Farallon Flagship Fund Lost 23.8% Through October, Sells Stocks
By Katherine Burton
Nov. 6 (Bloomberg) — Farallon Capital Management LLC’s biggest hedge fund fell 23.8 percent this year through October, according to two people familiar with the matter, all but ensuring its first annual loss since opening 22 years ago.
The firm, which oversees $30 billion, has been selling stocks to meet expected clients withdrawals and invest in distressed debt, said the people, who asked not to be identified because the information is private. The flagship Farallon Capital Partners LP fund increased its cash holdings by 30 percentage points.

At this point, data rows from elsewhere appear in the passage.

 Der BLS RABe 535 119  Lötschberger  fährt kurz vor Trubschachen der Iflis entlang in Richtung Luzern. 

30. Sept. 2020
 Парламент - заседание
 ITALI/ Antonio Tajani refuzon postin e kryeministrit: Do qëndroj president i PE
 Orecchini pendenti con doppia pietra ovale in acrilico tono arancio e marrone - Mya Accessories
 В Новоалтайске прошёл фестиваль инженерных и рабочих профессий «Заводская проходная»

The $1.7 trillion hedge-fund industry is reeling from the worst financial crisis since the Great Depression, as stocks, corporate bonds and real estate prices have all tumbled. Funds have lost an average of 19.3 percent this year, as measured by a daily index compiled by Chicago-based Hedge Fund Research Inc. Firms including Blue Mountain Capital Management LLC and Deephaven Capital Management LLC have frozen funds after being hit by a surge in redemptions.

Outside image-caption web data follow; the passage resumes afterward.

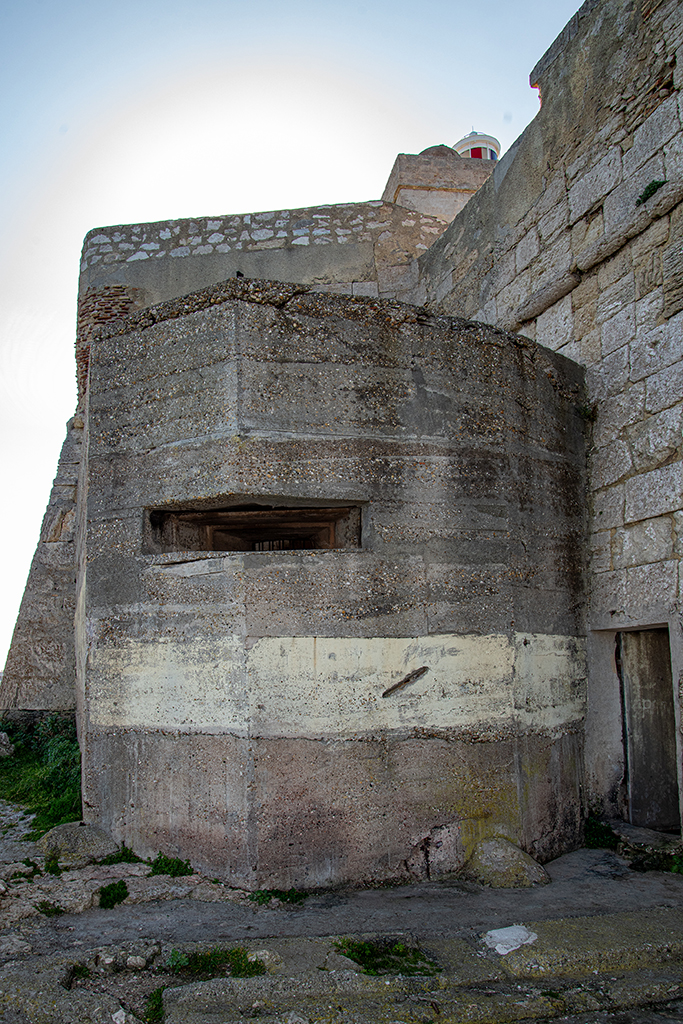 Détail du front nord de l'enceinte : casemate allemande de 1943 et ancienne poterne réhabilitée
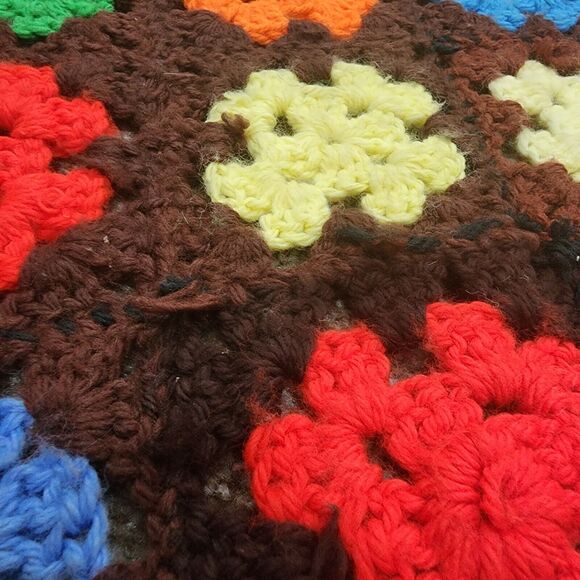 Vtg Crochet 4 x 3 ft Afghan Blanket lap Throw Granny Squares Brown 70s 80s - Picture 9 of 10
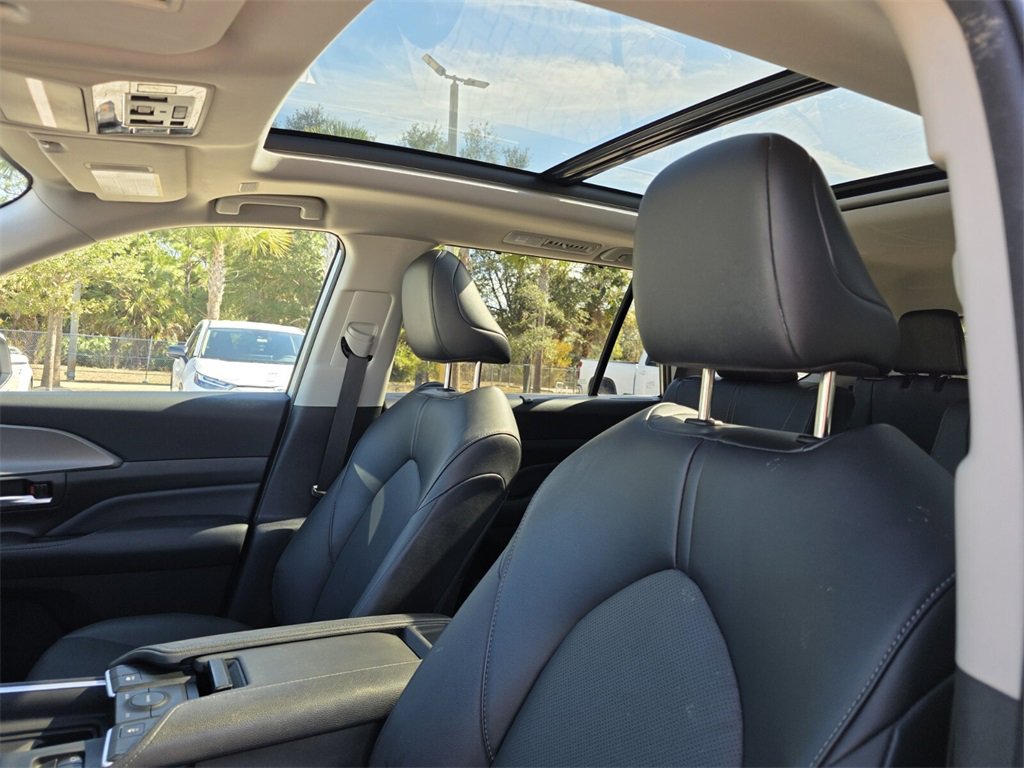Certified 2024 Toyota Grand Highlander XLE image 26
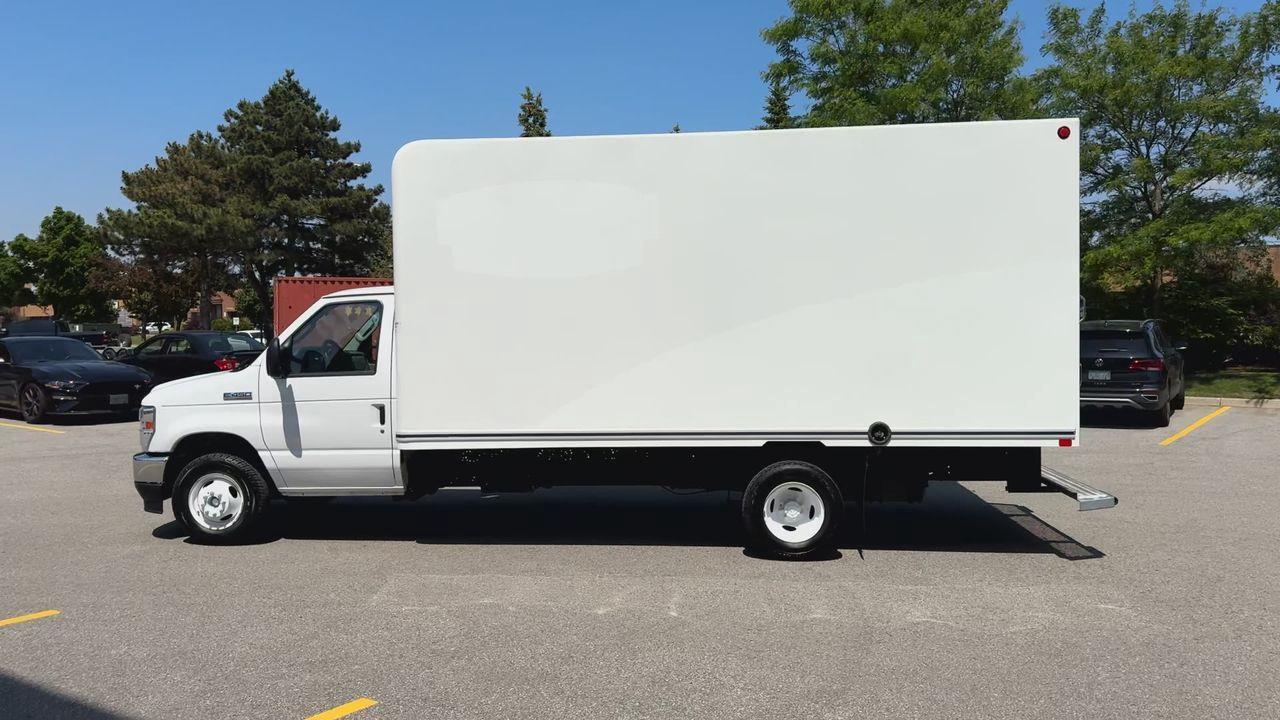 2022 Ford E-450  Photo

“The market backdrop we have is the worst in a modern generation’s memory,” Peter Clarke, chief executive officer of London-based Man Group Plc, the world’s largest publicly traded hedge-fund manager, said in a conference call today.
Mary Beth Glover, a spokeswoman for San Francisco-based Farallon, declined to comment.

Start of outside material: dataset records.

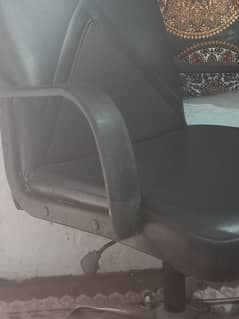 Office chair for sale condition bilkul clean hy just lock lagny wala h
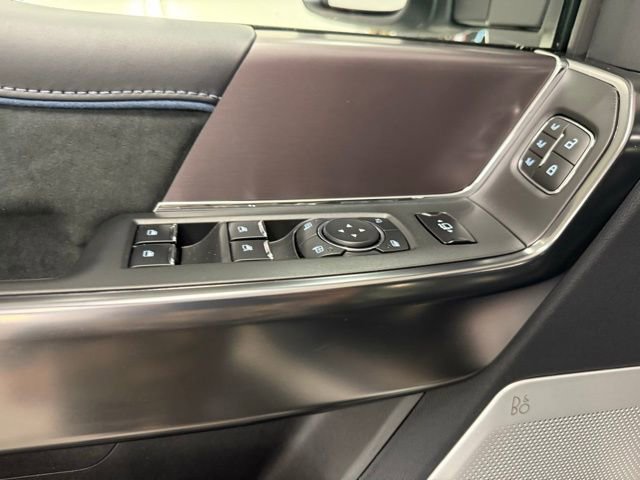 New 2026 Ford F250 Platinum w/ FX4 Off-Road Package image 14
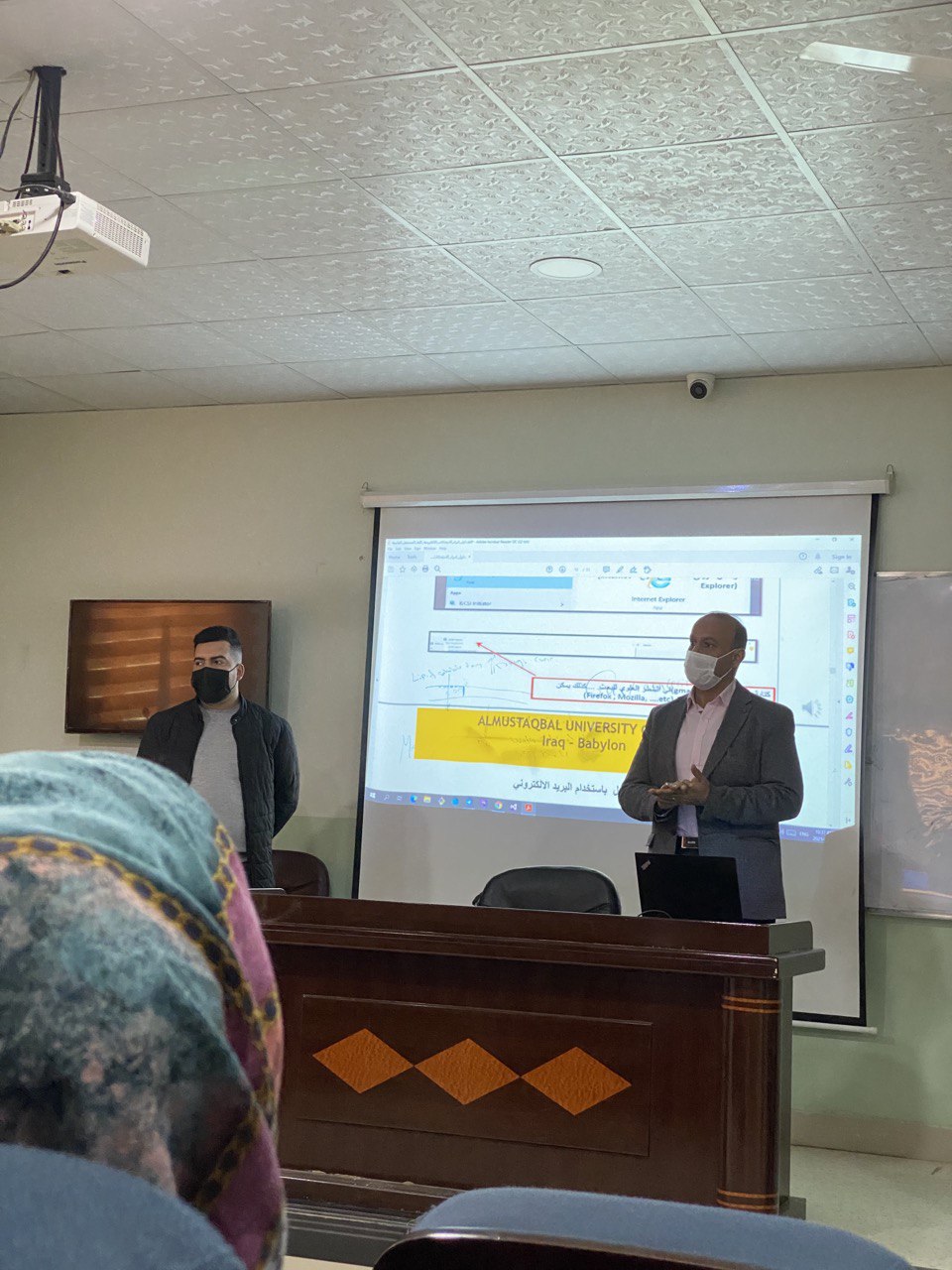 ورشة تدريبيه حول تطوير مهارات الكادر في مجال التعليم الالكتروني في كلية المستقبل الجامعه.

The firm, founded by Thomas Steyer, invests in assets from stocks to distressed debt and real estate. The main fund has climbed an average of 14.6 percent annually for the past 22 years, compared with about 9 percent for the Standard & Poor’s 500 Index. It has never had a losing year.
Lehman Effect
Steyer, 51, worked on Goldman Sachs Group Inc.’s merger arbitrage desk under Robert Rubin, the former Treasury secretary and senior counselor for Citigroup Inc., before joining San Francisco-based Hellman & Friedman in 1986. There, he ran a portfolio that invested in the stocks of merging companies, much like what he had done at Goldman. That fund became Farallon.
Farallon, like many hedge funds, posted its largest monthly losses for 2008 in September and October. After Lehman Brothers Holdings Inc. filed for bankruptcy in September, credit markets froze and stocks plunged. The Securities and Exchange Commission also temporarily banned the short sale of about 15 percent of stocks in the Standard & Poor’s 500 Index, limiting investors’ ability to benefit from falling prices.
Farallon raised $750 million earlier this year to buy troubled securities.
The firm told six outside hedge-fund firms that manage money on its behalf that it would take back about $150 million in capital. The managers, who ran about $650 million for Farallon at the start of the year, have posted returns between zero percent and a loss of 40 percent this year, the people said.
The smaller Farallon Capital Offshore Investors Inc. fund lost 28.3 percent his year through October. That fund ended September with about 39 percent of assets in investments that they consider undervalued, primarily stocks, and 30 percent in credit securities such as loans and bonds, according to a report sent to investors.